Waves of severe thunderstorms in the U.S. during the first half of this year led to $34 billion in insured losses, an unprecedented level of financial damage in such a short time, according to Swiss Re Group, as climate change contributes to the frequency and severity of violent meteorological events.
Damages from convective storms in the U.S., those that can come with hail, lightning, heavy rain and high winds, accounted for nearly 70% of the $50 billion in global catastrophic damages so far this year, the reinsurer said Wednesday. Those global figures includes earthquakes in Turkey and Syria.
The storms in the U.S. were so severe, there were 10 that resulted in damages of $1 billion or more, almost double the average recorded over the past decade, according to Swiss Re, and Texas was the state most severely effected.
“The effects of climate change can already be seen in certain perils like heatwaves, droughts, floods and extreme precipitation,” Swiss Re Group Chief Economist Jérôme Jean Haegeli said in a prepared statement. “Besides the impact of climate change, land use planning in more exposed coastal and riverine areas, and urban sprawl into the wilderness, generate a hard-to-revert combination of high value exposure in higher risk environments.”
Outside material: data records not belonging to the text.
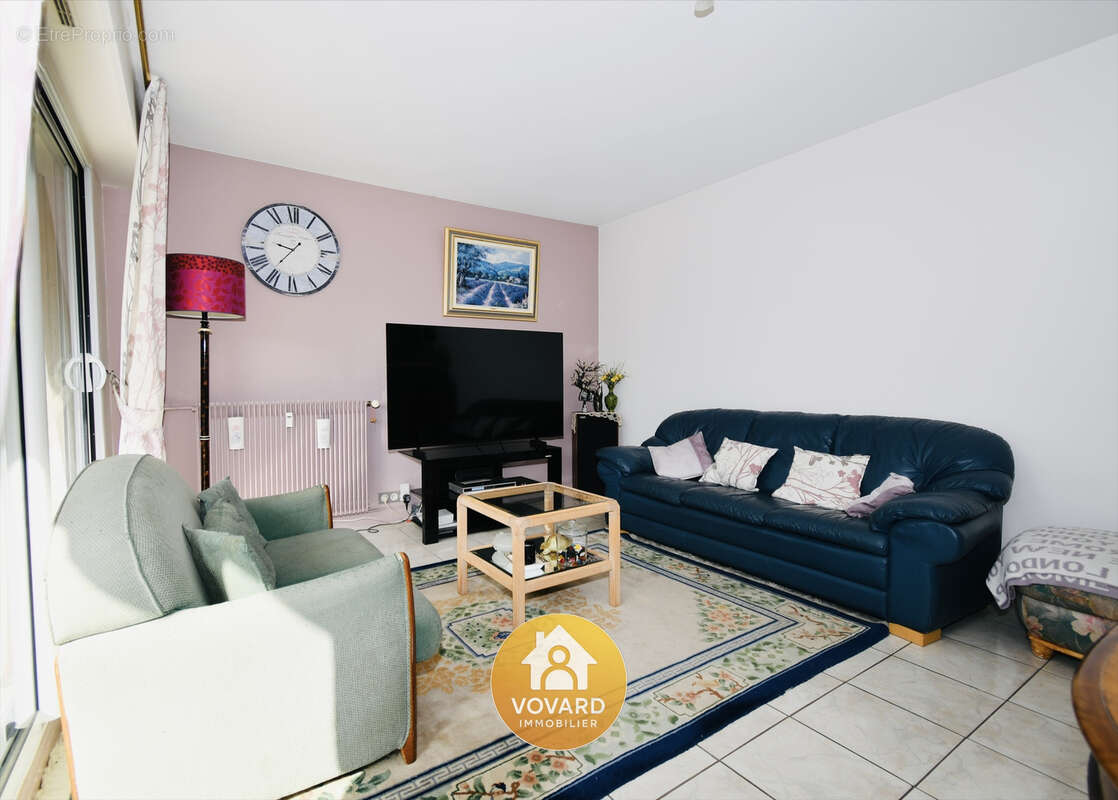 Appartement à MONTMORENCY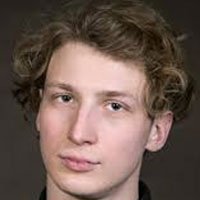 Здоров Григорий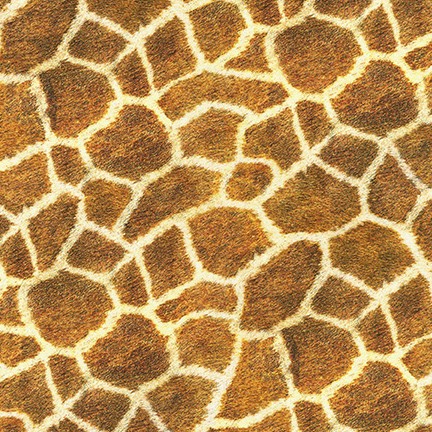 Animal Kingdom fabric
There have been a multitude of high profile meteorological events to start the second half of the year including heatwaves in the U.S., northwestern China and southern Europe, and wildfires on Greek islands, Italy and in Algeria.
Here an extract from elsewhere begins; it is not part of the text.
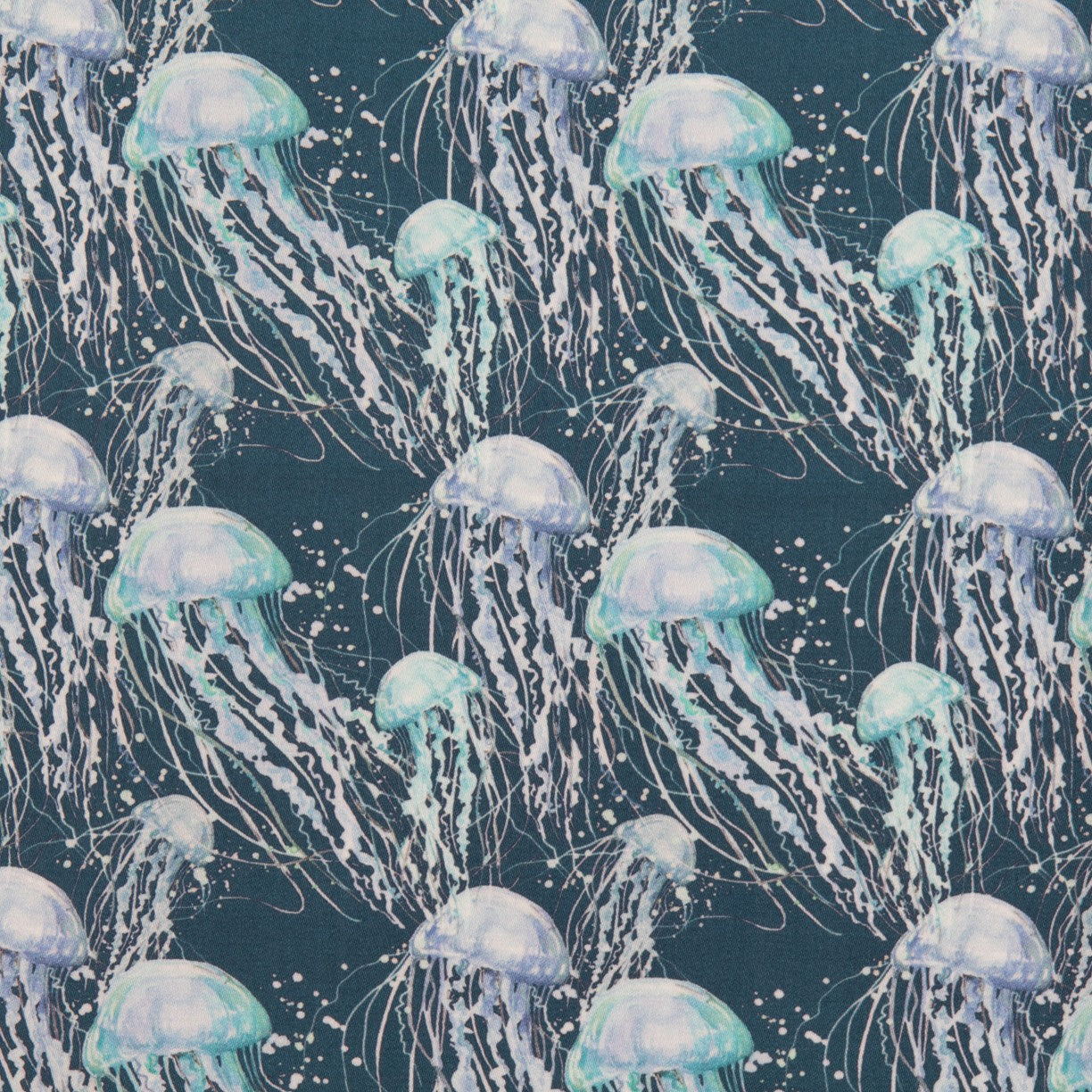 Popelín Estampado - Ribes y Casals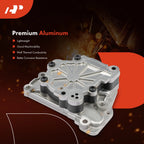 Engine Oil Pump for Chevy Equinox, Malibu, Traverse (2013–2020)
Damages and insurance losses from those events are still being tallied, Swiss Re said.
The figures for the first half of the year are in line with a report last month from another reinsurer, Munich Re, which said the series of thunderstorms that raked Texas in June was the most expensive single event in the U.S. for the year so far. The overall loss from those storms alone is estimated at approximately $8.4 billion.
“Devastating storms, which now seem to be the norm rather than the exception, are expected to continue to grow in intensity and severity,” wrote Marcus Winter, CEO, North America at Munich Reinsurance America.
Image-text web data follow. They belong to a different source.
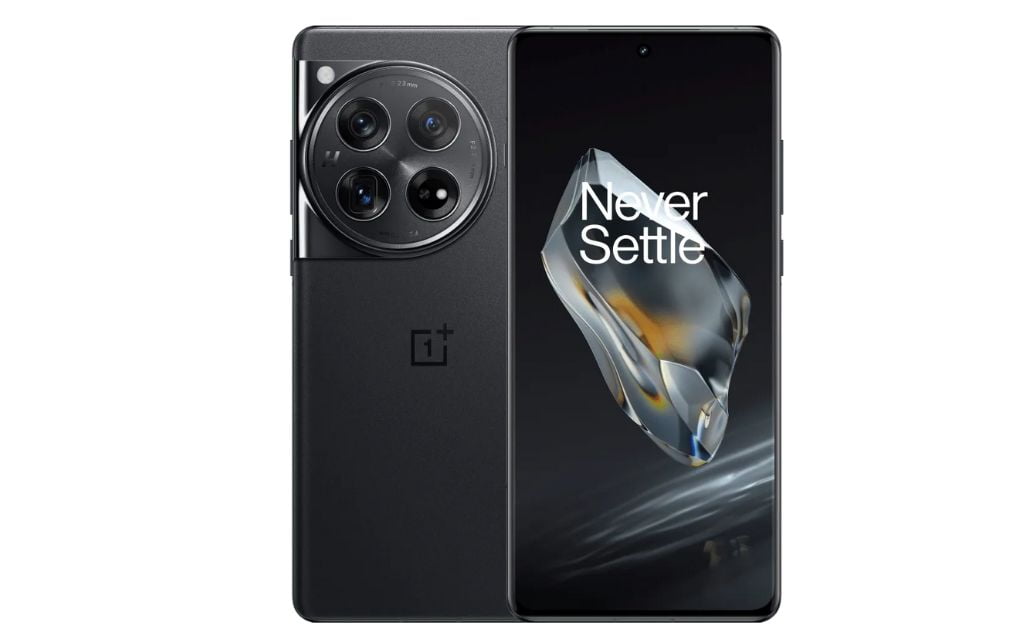 OnePlus 12 price in india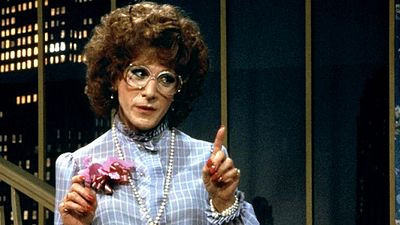 bild aus der news Schauspieler wählen im Auftrag des Filmmagazins Time Out Sidney Pollacks "Tootsie" zum besten Film aller Zeiten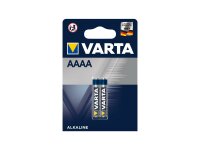 VARTA Batterie "Professional Electronics LR61 / AAAA...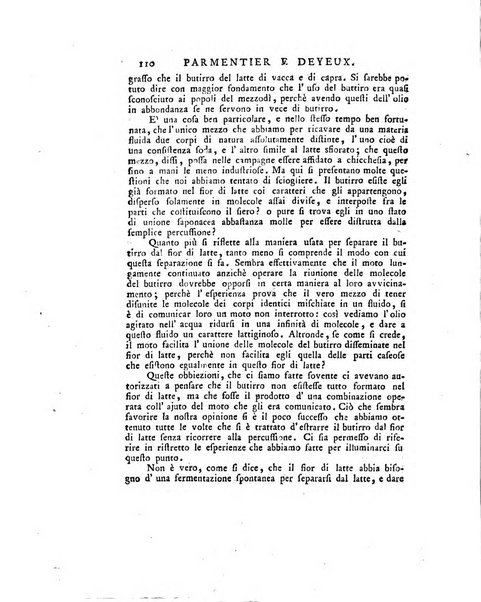 Opuscoli scelti sulle scienze e sulle arti. Tratti dagli Atti delle Accademie, e dalle altre collezioni filosofiche, e letterarie, dalle opere più recenti inglesi, tedesche, francesi, latine, e italiane, e da manoscritti originali, e inediti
Winter said that it is “imperative” to act immediately in preparing communities for the “physical and financial risks of future climate-related weather events.”
Reinsurers are the insurance industry’s insurers, covering losses that could upend an individual company. Munich Re and Swiss Re have operations across the globe, including the U.S.
Kerry Symons is a businessman in Perryton, a town of about 8,500 in the Texas Panhandle, one of the communities struck by a tornado in June, and he is also its mayor. Three of his buildings were damaged and destroyed, including a furniture store. He also lost some vehicles.
Symons said he is like most residents in Perrytown in that he is still arguing with insurance companies. Some residents have sought his assistance as mayor.
“There’s not a whole lot we can do for them as a city,” he explained.
One lesson Symons has learned from the ordeal is the importance of an annual accounting for the cost of what is inside a building and what it would cost to rebuild. One of his buildings, a furniture store, was acquired recently so the valuation was easy. Another building that he has owned for 20 years has proved more difficult.
The increasing frequency of extreme weather has created disruptions within the insurance industry and some insurers have retreated from states that are getting hit hard, such as Florida and California.
The pullback by insurers is happening despite years of skyrocketing premiums for property owners in hard hit states.
State Farm and Allstate have pulled back from California’s home insurance market, saying that increasing wildfire risk and soaring construction costs mean they’ll no longer write new policies in the nation’s most populous state.
Last month Travelers said catastrophe losses doubled in its most recent quarter and the company, considered a bellwether for the insurance industry due to its size, said it lost money.
AAA has said that it will not renew “a very small percentage” of homeowners and auto insurance policies in hurricane-wracked Florida, joining other insurers in limiting their exposure in the Sunshine State despite efforts by lawmakers to calm the volatile insurance market.
AAA insists it’s not leaving Florida, but that last year’s devastating hurricane season had led to an unprecedented rise in reinsurance rates, making it more costly to operate there.
Florida has struggled to maintain stability in the state insurance market since 1992 when Hurricane Andrew flattened Homestead, wiped out some insurance carriers and left many remaining insurers anxious about writing or renewing policies in Florida. Risks for carriers have also been growing as climate change increases the strength of hurricanes and the intensity of rainstorms.